Rhubarb compote is a happy childhood memory for me. Everything about it makes me smile:
from the thrill of finding the first stalks of rhubarb in the supermarket (oh my god is that RHUBARB over there outta my way lady yes it is oh yay it is RHUBARB SEASON so it must be SPRING yes yes yes I love spring THIS IS AMAZING I need to buy rhubarb more rhubarb oh it’s so PRETTY I should really get a dress in that shade of pink perhaps asos has something oh isn’t life great in spring I need MORE RHUBARB where are the lemons I need to make rhubarb compote there they are even the LEMONS look more happy in spring move your damn shopping cart lady) to its weird, faintly off-putting smell which kinda makes me feel super smug (ha if you knew what deliciousness I can coax out of this weird smelling vegetable which you fool just walked past in the supermarket why wouldn’t you buy any you weirdo it’s the first RHUBARB OF THE SEASON so it’s SPRING oh my god – etc etc) the lovely pink and light green colours (perhaps I could paint the bedroom wall it really is a very nice uplifting colour – etc etc) to the naughtiness of heaping spoonful after spoonful of sugar on top and watching it turn pink….

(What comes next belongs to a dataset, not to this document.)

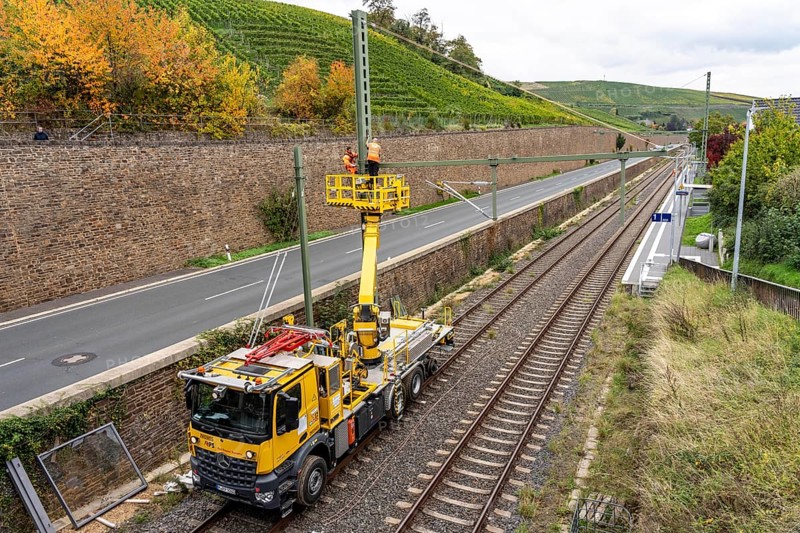 Reconstruction in the Ahr Valley, after the flood of July 2021, restoration of the railway infrastructure of the Ahr line, 29 km of tracks, 15 railway bridges, 7 were renovated, stations and stops renovated or renewed, 885 masts were built for the overhead line of the new electrification and 55 km of overhead lines were redrawn, here work on the railway bridge near Ahrweiler, Rhineland-Palatinate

I lost my sweet tooth and gained some hips since I was a kid, so when I make rhubarb compote nowadays, I’ll forgo the heaps of sugar and do it like this:
4 stalks rhubarb / 1 lime / 3 lime leaves / 1 tsp whole cloves / 1 tsp stevia / pinch of coriander seeds
Cut the rhubarb stalks into 1 cm pieces and put into a wide pot, add 3 (frozen) lime leaves – the kind you’d use in a thai curry – and fill with water until the rhubarb pieces are almost covered. If using organic, untreated limes, quarter it and slice one quarter very thinly, add into the pot and don’t use all the lime juice it would yield. Otherwise, use just the juice. Add the stevia (or sweetener of your choice) and stir to dissolve. Bring to a boil, leave on for a minute and take off the heat. Let it cool down, stick in the fridge and don’t serve until it’s icy cold.